Regarding the therapeutic classes of drugs used, first choice will be neuroleptics to treat agitation near the end of life [16]. Mainly, haloperidol, chlorpromazine, olanzapine are used but frequently a neuroleptic rotation must be done regarding a lack of treatment efficacy of first line choice [17,18].

Theoretical explanations of Alexandrine syndrome

As Alexandrine syndrome usually occurs in palliative care and in terminal life, it could be assimilated to an equivalent of an end of life “Amok”. Amok comes from the Malaysian word “Amuk” which means uncontrollable rage. Amok was first described in East Asia among runners, with the use of the expression “Run Amok”, for those runners who are suddeny taken into a frenetic and murderous run involving lots of frustration and generating a desire of revenge with auto and heteroaggressivity [19]. Alexandrine syndrome with this uncontrollable rage, could be the western illustration of Amok and considered as a culture-specific explosive behavioral disorder in DSMIV [20].

Alexandrine syndrome can also be explained from a psychoanalytic point of view. It would express all the patient’s ambivalence between demand and desire. The frenetic agitation of the patient and the outbursts of violence can be explained by an unconscious desire of life when faced with impending death.

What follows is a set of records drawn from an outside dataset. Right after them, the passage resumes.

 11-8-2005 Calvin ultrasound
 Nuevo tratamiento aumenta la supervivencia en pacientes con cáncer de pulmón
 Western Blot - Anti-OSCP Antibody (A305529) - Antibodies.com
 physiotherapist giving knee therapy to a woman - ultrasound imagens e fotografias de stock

This struggle for life at any price can also be understood as a desire for death in order to no longer be confronted to torments of uncertainty while waiting for death to come.

Patients try to protect themselves against the psychic trauma generated by prognosis or palliative state announcements that will create a sense of collapsing that threatens the sense of continuity and existence of each subject. Confronted with the discovery of impending death, the subject wants to restore the urge to live.

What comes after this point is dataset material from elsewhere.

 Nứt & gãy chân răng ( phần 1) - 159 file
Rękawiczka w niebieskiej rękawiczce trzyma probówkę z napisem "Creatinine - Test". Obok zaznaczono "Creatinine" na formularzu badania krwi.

From the psychiatric nosography of DSM-5, Alexandrine syndrome would be considered as a brief psychotic disorder [21,22]. However, this international classification for mental disorders has not been developed to take into account palliative and end of life specificities. Actually, DSM-5 no longer considers as a traumatic event a mortal disease or a threat to physical integrity which an advanced cancer is [23,24]. Yet, Alexandrine syndrome is really a psychotraumatic phenomenon. Confrontation with the potential reality of death represents a real aggression for the patient who will need a reorganization of his psychic system in order to “survive” this traumatic event.

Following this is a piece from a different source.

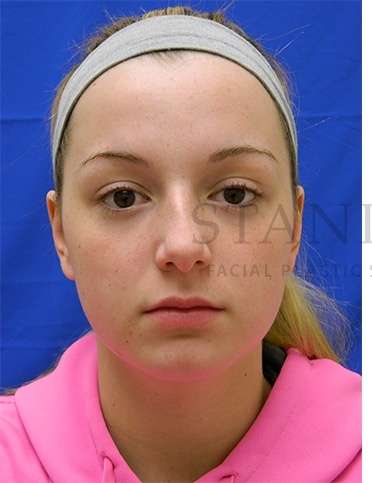 Rhinoplasty Before & After Patient #1276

Palliative patients can present a brief psychotic episode with outbursts of violence called Alexandrine syndrome. The intensity of physical violence associated with paranoid delusions against the healthcare team and resistance to usual sedation are typical features of this syndrome. It can be the result of a complex interaction between physical, physiological and psychological factors. Nevertheless, the medical team must always rule out potential somatic causes and differential diagnosis before considering such a hypothesis. Alexandrine syndrome occurrence can be understood as a struggle for life against the unbearable threat of a deadly sentence. In a preventive way, healthcare professionals working in the palliative field should always be cautious before approaching death with their patients.

Collaboration between psychiatrist and palliative medical teams is recommended either for prevention or psychiatric management.

Conflicts of Interest

The authors have no conflicts of interest to declare.